Pets are wonderful and amazing additions to our lives, but some unique challenges/circumstances can arise when we’re talking about sharing our lives with pets and living with roommates! I have received a lot of questions about how to mitigate these kinds of situations to avoid the dreaded roommate drama!
Many pet-related roommate conflicts can be avoided completely if you are able to prioritize planning and communication between yourself and your new roommate(s) before you’re living together. Preparing your pets for living with roommates is often less about preparing your critters and more about talking with the people that you will be living with about how living with your pets will work.
This is one of those moments where I don’t think it’s possible to over-communicate! Likely everyone involved is entering into the communal living situation with some preconceived ideas (good and bad) about dogs, cats, and hamsters whatever sort of critters you have and what it will be like to live with them.
If you as the guardian don’t make sure that all the housemates are on the same page as you about how they will be interacting with your critters, you might be setting yourself up for a lot of roommate drama and there’s nothing worse than that especially if you are all lesbians with overlapping social circles!!!
I’ve seen people handle pets and roommates in a diverse array of ways. Many years ago, before my partner and I were together and I lived with roommates, I had a very firm hands-off policy. My dogs and cat were in my room when I wasn’t home and I didn’t allow my roommates to have any unsupervised interaction with my pets when I wasn’t home. In my defence,I lived in a punk house—my roommates weren’t always very reliable.
But even if the house had been more stable I’m known to be obsessively overprotective of my fur babies and trust very few people to interact with them. On the other hand, I have other friends who encourage a lot of interaction between their pets and housemates including expecting their housemates to be the default caretaker of their pets if they go on an overnight date, or are travelling. There’s no right or wrong way to have pets in a communal household, but it is important to be clear with yourself, and your roommate(s) about what your expectations are.
Before your roommates move in, or before you move into a new place with your pet(s) spend some time thinking about your expectations. Until you are clear about your own boundaries for your critter babies, you won’t be able to clearly articulate them to anyone else, let alone make sure they are being respected.

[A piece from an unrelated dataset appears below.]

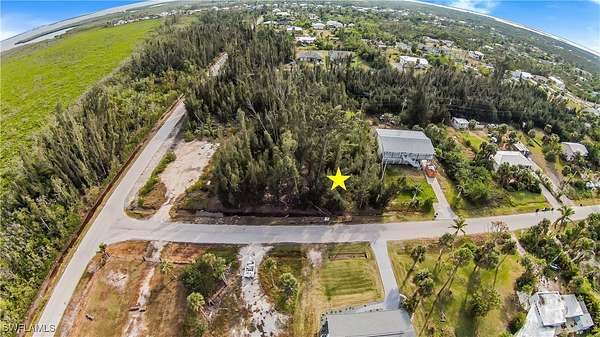 0.31 Acres of Residential Land for Sale in St. James City, Florida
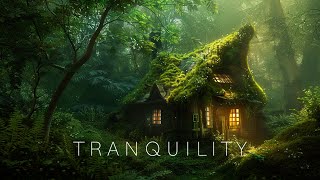 Tranquility  Deep Healing Relaxing Music  Meditation Ambient Music [upl. by Drobman755]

Here are a few questions to ask yourself to start brainstorming about boundaries: Are you ok with roommates taking your pet outside? Should they feed your pet? Can they play with your pet? Feed them snacks? Bring them into their room? When do you want them to contact you either for permission to do something with them, or what are red flags that something is wrong with your pet and when you want them to be sure to call/text you?
Many of the roommate and pet conflicts that arise could be avoided with clearer communication about boundaries right away, and addressing situations when they come up. Sometimes though, even with clear boundaries and good communication, there are situations that just can’t be resolved.
One reader let me know about a concerning issue with a roommate who became overly attached to her dog. The situation quickly got out of hand with the roommate trying to take over all care for the dog and even wanting to bring it on vacation with her! This was a really awkward situation where the roommate had fallen so in love with the dog, that she wanted to take over ownership of her, and the dog guardian ended up having to remove herself and her dog from that situation.
Most pet-related roommate conflicts aren’t that dramatic, but clear boundaries and communication can go a long way to prevent big misunderstandings but also minor ones too, like how often the litter boxes should be cleaned and whose responsibility it is to do it!
If you and your new roommates all have pets be sure to put thought and time into planning how you will introduce your pets to one another. Ideally introduce the pets to each other before agreeing to live together, particularly if they will be expected to have regular interactions (less critical if your roommate has tropical fish, and you have a turtle who will always be in their own tanks!).
Although the animals have different guardians, if the pets will be sharing communal space, approach introductions like you would if you were getting a new pet yourself. Go slow, introduce dogs outside on neutral territory, make sure all pets have separate spaces they can go to have privacy from the other household animals, prioritize keeping their routines consistent.
Prioritize making sure that your pets are comfortable living with the other animals before you sign that lease, and that the roommates are truly comfortable with your pet before moving in.
Do you have, or have you had, roommates and pets? How do your pets adjust to them? What kind of boundaries have you agreed upon?